[Dlang-internal] DIP1000 discussion and testing
Martin Nowak via Dlang-internal
dlang-internal at puremagic.com
Tue Nov 22 06:09:49 PST 2016
On Sunday, 16 October 2016 at 13:45:42 UTC, Dicebot wrote:
To summarize the current state, the Skype call with Walter
cleared most of the misunderstandings, DIP1000 is about 2 simple
points.
- make scope work (fix all escaping whatsoever)
It's more complex than return ref because pointers, other than
references, can be bound to variables, hence the lifetime algebra.
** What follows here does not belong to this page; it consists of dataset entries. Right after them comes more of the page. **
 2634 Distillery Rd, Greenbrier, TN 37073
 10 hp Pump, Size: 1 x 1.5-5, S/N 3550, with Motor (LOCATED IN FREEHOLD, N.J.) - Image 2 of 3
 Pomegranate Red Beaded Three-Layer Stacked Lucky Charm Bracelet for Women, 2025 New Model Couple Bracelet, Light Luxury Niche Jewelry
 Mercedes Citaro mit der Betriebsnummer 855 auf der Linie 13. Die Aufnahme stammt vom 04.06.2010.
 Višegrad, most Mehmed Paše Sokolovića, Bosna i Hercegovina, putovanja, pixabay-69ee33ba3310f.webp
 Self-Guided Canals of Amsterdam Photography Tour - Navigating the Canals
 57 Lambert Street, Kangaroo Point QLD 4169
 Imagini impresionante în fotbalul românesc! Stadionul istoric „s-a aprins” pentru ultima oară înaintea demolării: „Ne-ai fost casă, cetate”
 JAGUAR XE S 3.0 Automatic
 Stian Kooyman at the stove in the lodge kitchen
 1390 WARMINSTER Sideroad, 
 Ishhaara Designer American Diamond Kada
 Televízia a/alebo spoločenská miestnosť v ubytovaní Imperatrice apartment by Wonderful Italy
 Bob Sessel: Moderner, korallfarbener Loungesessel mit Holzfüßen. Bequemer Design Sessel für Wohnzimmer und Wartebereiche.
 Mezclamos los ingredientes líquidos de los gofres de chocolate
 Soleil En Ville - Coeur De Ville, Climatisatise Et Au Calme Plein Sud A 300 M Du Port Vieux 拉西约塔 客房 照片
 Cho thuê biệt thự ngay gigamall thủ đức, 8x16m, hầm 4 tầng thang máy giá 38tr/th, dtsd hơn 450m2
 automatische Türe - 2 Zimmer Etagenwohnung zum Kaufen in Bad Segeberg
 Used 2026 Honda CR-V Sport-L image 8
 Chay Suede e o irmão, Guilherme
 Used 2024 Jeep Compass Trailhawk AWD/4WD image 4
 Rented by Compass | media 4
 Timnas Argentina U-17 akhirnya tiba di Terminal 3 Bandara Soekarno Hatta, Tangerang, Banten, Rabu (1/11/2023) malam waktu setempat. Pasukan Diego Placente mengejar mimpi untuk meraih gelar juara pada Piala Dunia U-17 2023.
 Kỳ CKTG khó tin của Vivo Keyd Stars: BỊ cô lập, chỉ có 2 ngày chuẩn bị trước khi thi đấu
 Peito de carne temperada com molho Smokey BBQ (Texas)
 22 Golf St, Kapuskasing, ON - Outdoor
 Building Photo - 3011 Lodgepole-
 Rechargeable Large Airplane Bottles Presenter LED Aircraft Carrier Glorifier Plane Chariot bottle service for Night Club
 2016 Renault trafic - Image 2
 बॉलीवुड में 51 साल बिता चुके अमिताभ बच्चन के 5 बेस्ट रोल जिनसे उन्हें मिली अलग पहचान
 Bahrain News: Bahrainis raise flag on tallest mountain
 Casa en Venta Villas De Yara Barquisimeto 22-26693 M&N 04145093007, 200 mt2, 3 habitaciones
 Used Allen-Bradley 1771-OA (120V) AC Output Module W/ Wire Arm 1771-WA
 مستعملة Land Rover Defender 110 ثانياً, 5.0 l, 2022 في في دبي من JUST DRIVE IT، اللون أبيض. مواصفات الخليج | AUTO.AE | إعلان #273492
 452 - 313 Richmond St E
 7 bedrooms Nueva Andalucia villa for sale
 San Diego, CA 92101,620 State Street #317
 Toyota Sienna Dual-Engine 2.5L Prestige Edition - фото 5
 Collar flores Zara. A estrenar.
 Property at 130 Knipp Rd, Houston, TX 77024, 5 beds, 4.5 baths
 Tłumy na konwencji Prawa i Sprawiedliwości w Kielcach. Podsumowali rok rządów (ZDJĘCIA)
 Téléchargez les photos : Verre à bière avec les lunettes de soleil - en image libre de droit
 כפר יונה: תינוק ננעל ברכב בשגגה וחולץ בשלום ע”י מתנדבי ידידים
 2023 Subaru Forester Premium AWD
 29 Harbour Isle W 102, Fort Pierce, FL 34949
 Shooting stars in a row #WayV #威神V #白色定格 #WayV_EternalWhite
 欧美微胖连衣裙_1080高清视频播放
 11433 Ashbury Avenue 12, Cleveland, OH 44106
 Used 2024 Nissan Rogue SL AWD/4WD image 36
Since it was already possible to create pointers in @safe code
(ubyte[] a
= staticArray[];), and we finally can prevent escaping of
pointers,
DIP1000 also includes allowing to take the address of sth. in
@safe
code, similarly to how &ary[$] is now possible (see
https://github.com/dlang/dmd/pull/6253).
- add return scope to allow returning scoped arguments (or sth.
derived
from them)
The current state is to conservatively assume the return value
has the
minimum lifetime of all return scope parameters (no smartness
about
possible aliasing of return value to parameters), even for
@trusted
functions. This should enable RC/Unique like patterns or ranges on
containers.
- Adding scope inference for parameters and variables, we already
have return inference from DIP25.
Inference will make this actually usable, otherwise we'd end up
with a huge amount of required extra annotations.
====================
Open questions from my side:
- what about unwanted/incorrect return scope inference
Mixed return branches would conservatively assume a scoped return
value?
Is this a valid use-case? Should at least work with @system code.
int* func()(int* arg, bool allocate)
{
return allocate ? new int : arg;
}
- what about return ref without scope
Does return ref on parameters makes sense without scope?
Can you take the address of an unscoped return ref result?